Звук отматываемой от рулона ленты испугал Рен. По телу побежали мурашки, но сокровенное место между бедер все еще продолжало взывать о прикосновении. Она ненавидела эту борьбу разума и тела. Битва, которая никогда не будет выиграна. Прикованная к кровати, она наблюдала за Ризом: глаза на его темном и задумчивом лице поблескивали. Она окаменела. В эту секунду возникло что-то такое, отчего ее охватил страх. Возможно, именно поэтому она никогда не позволяла себе отпустить Риза. Страх, который она испытывала, думая о нем, был для нее унизительным афродизиаком.
Дыхание Риза стало затрудненным, и Рен приподняла голову, прижимаясь подбородком к обнаженной груди.

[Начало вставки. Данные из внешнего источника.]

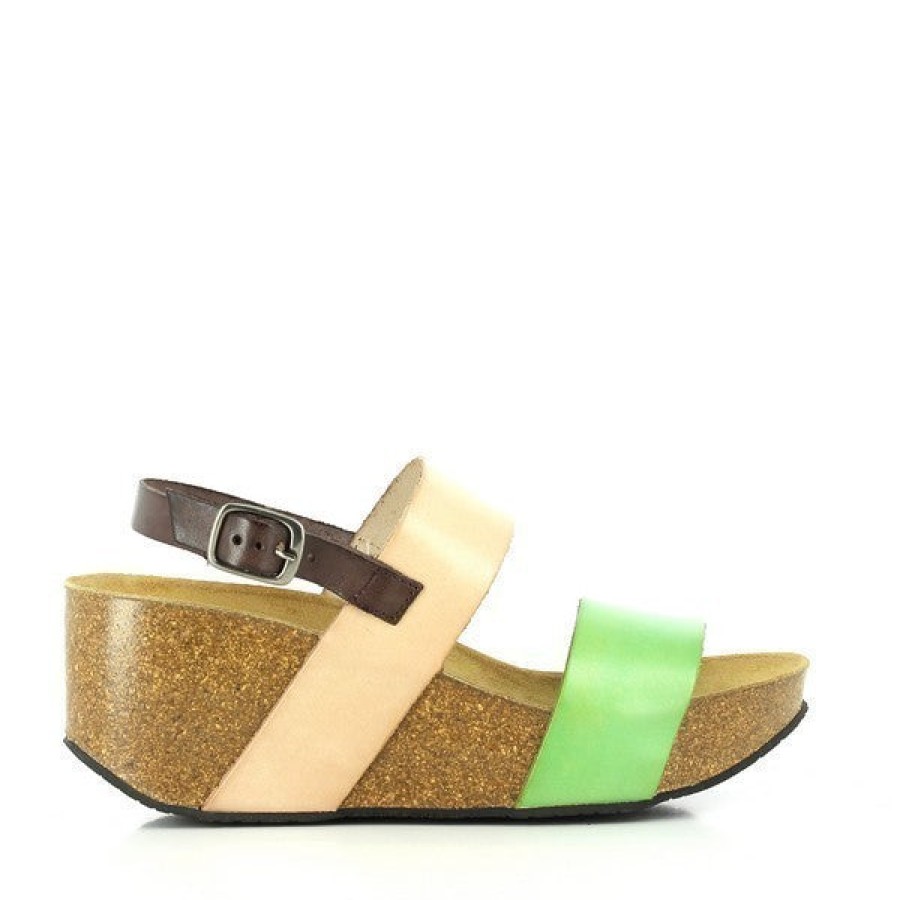 Ladies Plakton Mid Heels | Plakton 275028 Green-Beige-Brown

Она почувствовала его приближение. Ее душа и сердце, а теперь и язык, находились в его власти. Она больше не могла говорить, даже если бы попыталась. Рен понимала, что в наказание ее ждет самая сильная боль, какую только можно себе представить. Она будет парализующей и восхитительной. И Рен еще сильнее возненавидела себя.
Риз оторвал зубами кусок скотча и повторил это действие еще дважды, пока у него не оказалось три полоски клейкой ленты примерно десять сантиметров длиной. Он склонился к киске Рен, снова вдыхая ее терпкий запах. Его сердце и член дрогнули от гордости, когда Риз почувствовал аромат ее возбуждения. Все складывалось в его пользу, но ему все еще нужно кое-что услышать.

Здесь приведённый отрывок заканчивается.